Cette bataille d’influence exacerbe des clivages déjà profonds. Les réformateurs, eux, réclament une refonte des méthodes et du leadership. Plusieurs vice-présidents, dont Kalémou Yansané, Fodé Oussou et Aliou Condé, rappellent que la légitimité politique passe par le respect strict des structures officielles. Pendant ce temps, les soutiens de Hadja Halimatou applaudissent son énergie, y voyant une opportunité de renouvellement… ou un moyen d’affaiblir les rivaux internes.
Le 9 août dernier, la fracture est devenue visible. Hadja Halimatou préside l’assemblée générale de l’UFDG. Plusieurs cadres boycottent la rencontre, dénonçant un passage en force. L’image est désastreuse : un parti qui ne parle plus d’une seule voix, où l’absence du leader principal laisse le champ libre à des initiatives personnelles qui alimentent les divisions.
Et comme si cela ne suffisait pas, certaines de ses prises de parole publiques sont jugées maladroites, voire inadaptées au discours traditionnel de l’UFDG. Des messages qui brouillent encore davantage l’identité politique du parti à un moment où la clarté devrait être la règle.

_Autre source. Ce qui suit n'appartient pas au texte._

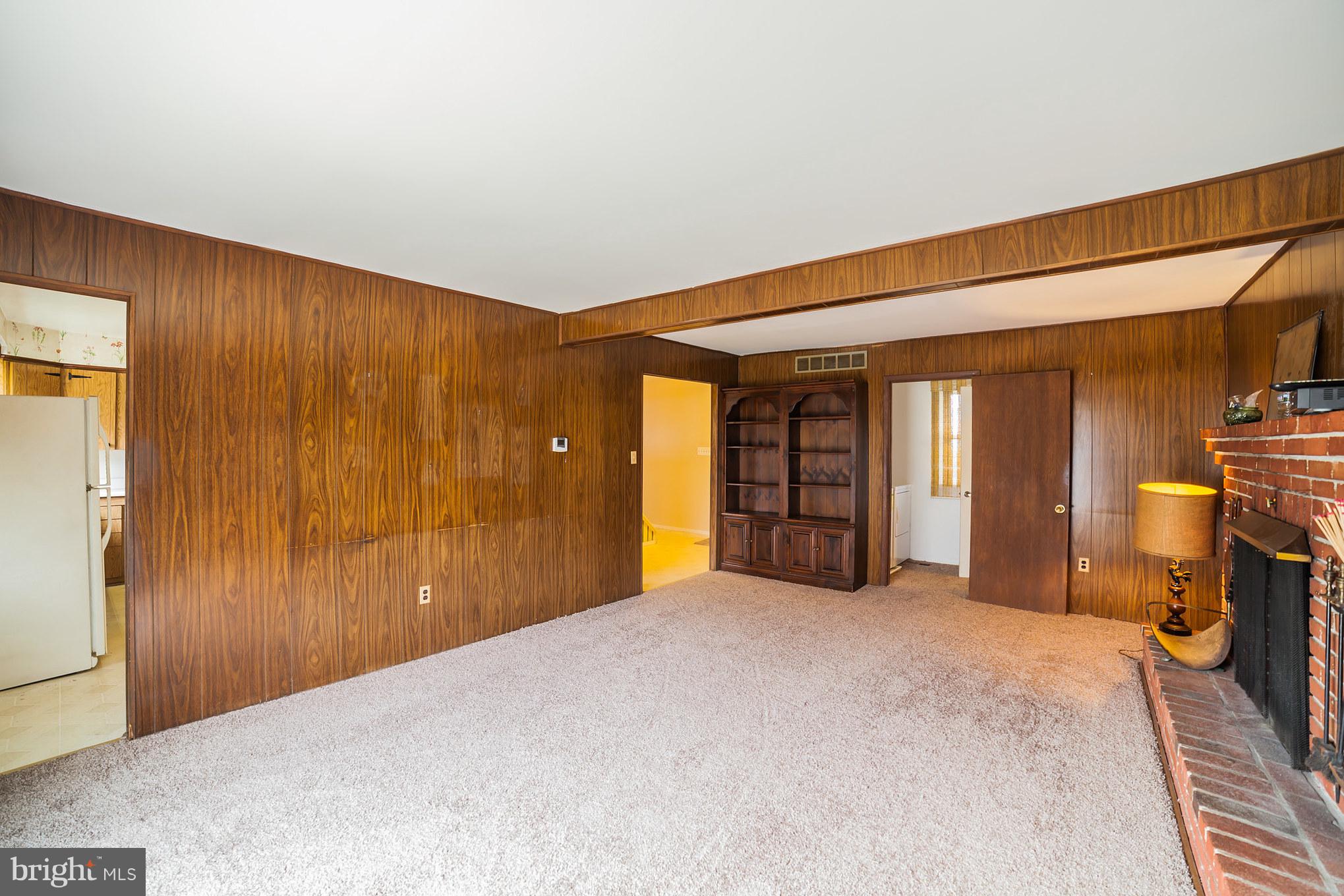 3903 Carthage Road Randallstown, MD 21133 - Photo 15 of 24 a view of a livingroom with a staircase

Soyons clairs : si l’UFDG continue à se déchirer sur des querelles conjugales, il perdra le peu de crédibilité qu’il lui reste. Ce n’est pas avec des rivalités domestiques qu’on construit une alternative politique nationale. Ce n’est pas en transformant un parti en terrain de règlement de comptes familial qu’on gagne la confiance des Guinéens.
La Guinée a besoin d’un leadership solide, d’un projet clair, d’une vision partagée. Pas de scènes de ménage déguisées en manœuvres politiques. Tant que l’UFDG sera prisonnier de ces tensions internes, il restera spectateur des grands débats nationaux, incapable d’incarner l’espoir et le changement.
Un parti, ce n’est pas un salon privé. C’est une institution. Et quand la politique devient une affaire de couple, c’est toujours le peuple qui finit perdant.